Au premier regard qu'on jette sur ces anciennes institutions, elles paraissent singulières, anormales, violentes surtout et tyranniques. Parce qu'elles sont en dehors de nos mœurs et de nos habitudes d'esprit, on est d'abord porté à croire qu'elles étaient en dehors de tout droit et de toute raison, en dehors de la ligne régulière qu'il semble que les peuples devraient suivre, en dehors pour ainsi dire des lois ordinaires de l'humanité. Aussi juge-t-on volontiers qu'il n'y a que la force brutale qui ait pu les établir, et qu'il a fallu pour les produire au jour un immense bouleversement.

L'observation des documents de chaque époque nous a amené peu à peu à un autre sentiment. Il nous a paru que ces institutions s'étaient formées d'une manière lente, graduelle, régulière, et qu'il s'en fallait beaucoup qu'elles pussent avoir été le fruit d'un accident fortuit ou d'un brusque coup de force. Il nous a semblé aussi qu'elles ne laissaient pas d'être conformes à la nature humaine ; car elles étaient d'accord avec les mœurs, avec les lois civiles, avec les intérêts matériels, avec la manière de penser et le tour d'esprit des générations d'hommes qu'elles régissaient. C'est même de tout cela qu'elles sont nées, et la violence a contribué pour peu de chose à les fonder.

Les institutions politiques ne sont jamais l'œuvre de la volonté d'un homme ; la volonté même de tout un peuple ne suffit pas à les créer. Les faits humains qui les engendrent ne sont pas de ceux que le caprice d'une génération puisse changer. Les peuples ne sont pas gouvernés suivant qu'il leur plaît de l'être, mais suivant que l'ensemble de leurs intérêts et le fond de leurs opinions exigent qu'ils le soient.
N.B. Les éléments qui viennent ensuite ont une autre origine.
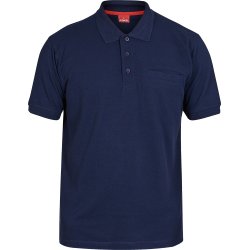ENGEL Extend poloshirt med brystlomme Blue Ink 9055-178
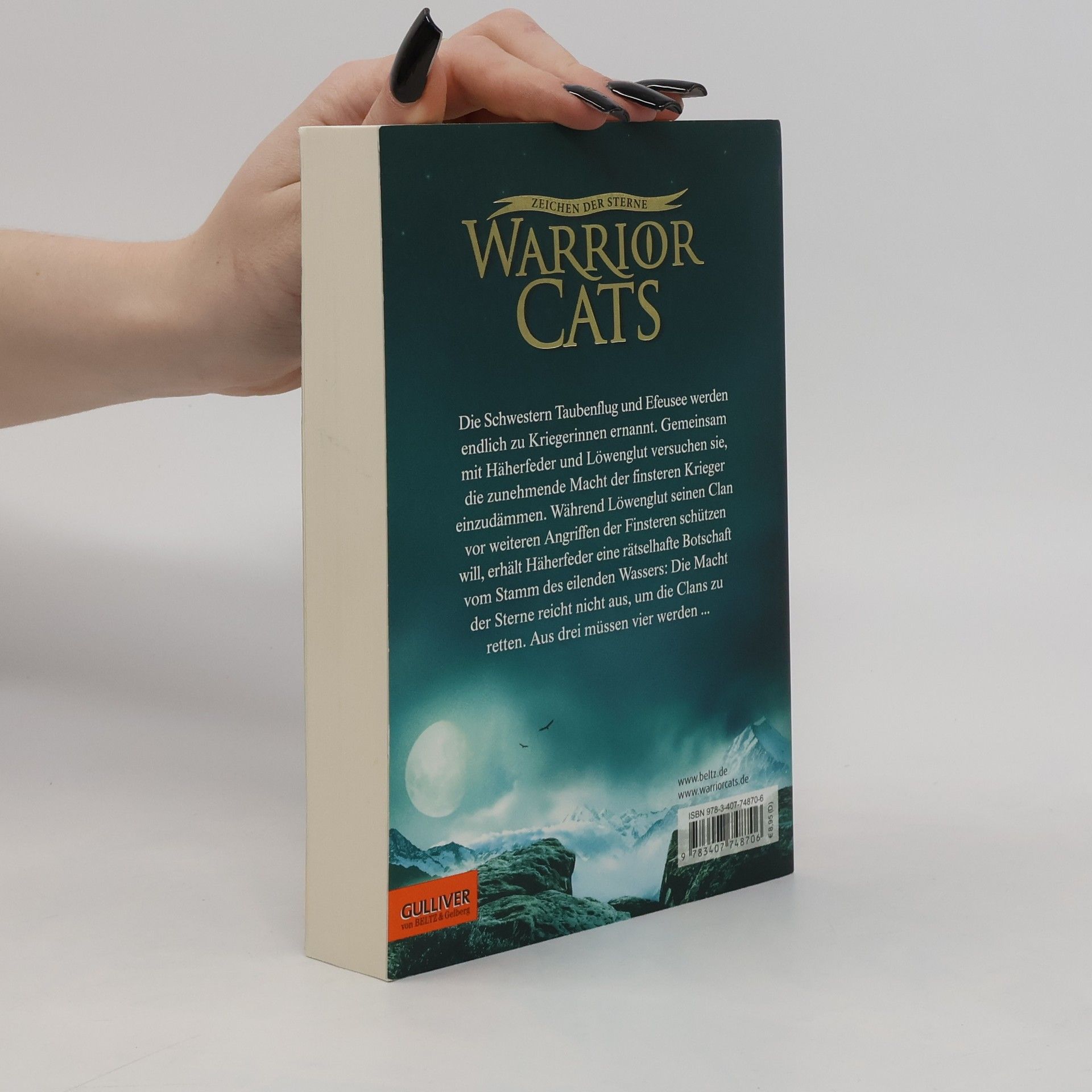 Erin Hunter Spur des Mondes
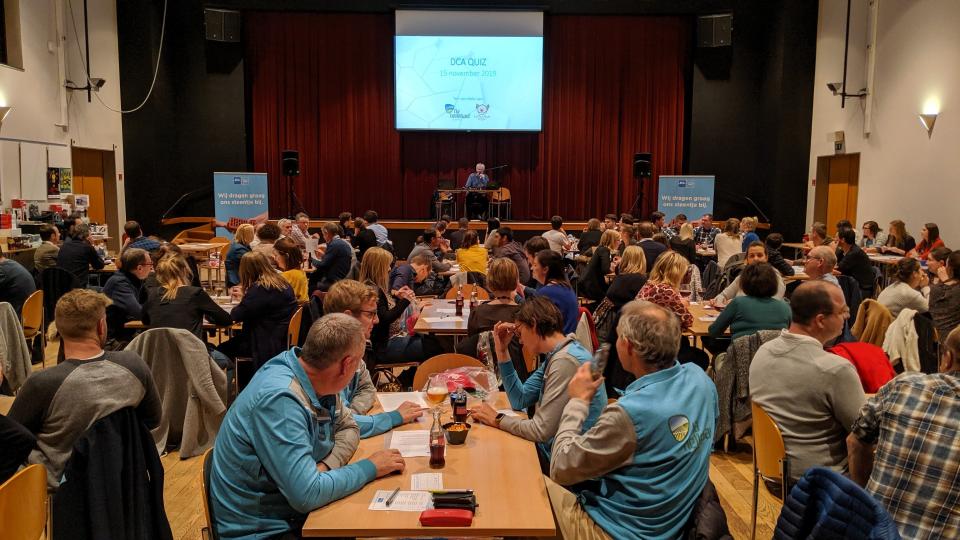 Familiequiz DCA 2019 in De Djoelen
C'est sans doute pour ce motif qu'il faut plusieurs âges d'hommes pour fonder un régime politique et plusieurs autres âges d'hommes pour l'abattre.

De là vient aussi la nécessité pour l'historien d'étendre «es recherches sur un vaste espace de temps. Celui qui bornerait son étude à une seule époque s'exposerait, sur cette époque même, à de graves erreurs. Le siècle où une institution apparaît au grand jour, brillante, puissante, maîtresse, n'est presque jamais celui où elle s'est formée et où elle a pris sa force. Les causes auxquelles elle doit sa naissance, les circonstances où elle a puisé sn vigueur et sa sève, appartiennent souvent à un siècle fort antérieur. Cela est surtout vrai de la féodalité, qui est peut-être, de tous les régimes politiques, celui qui a eu ses racines au plus profond de la nature humaine.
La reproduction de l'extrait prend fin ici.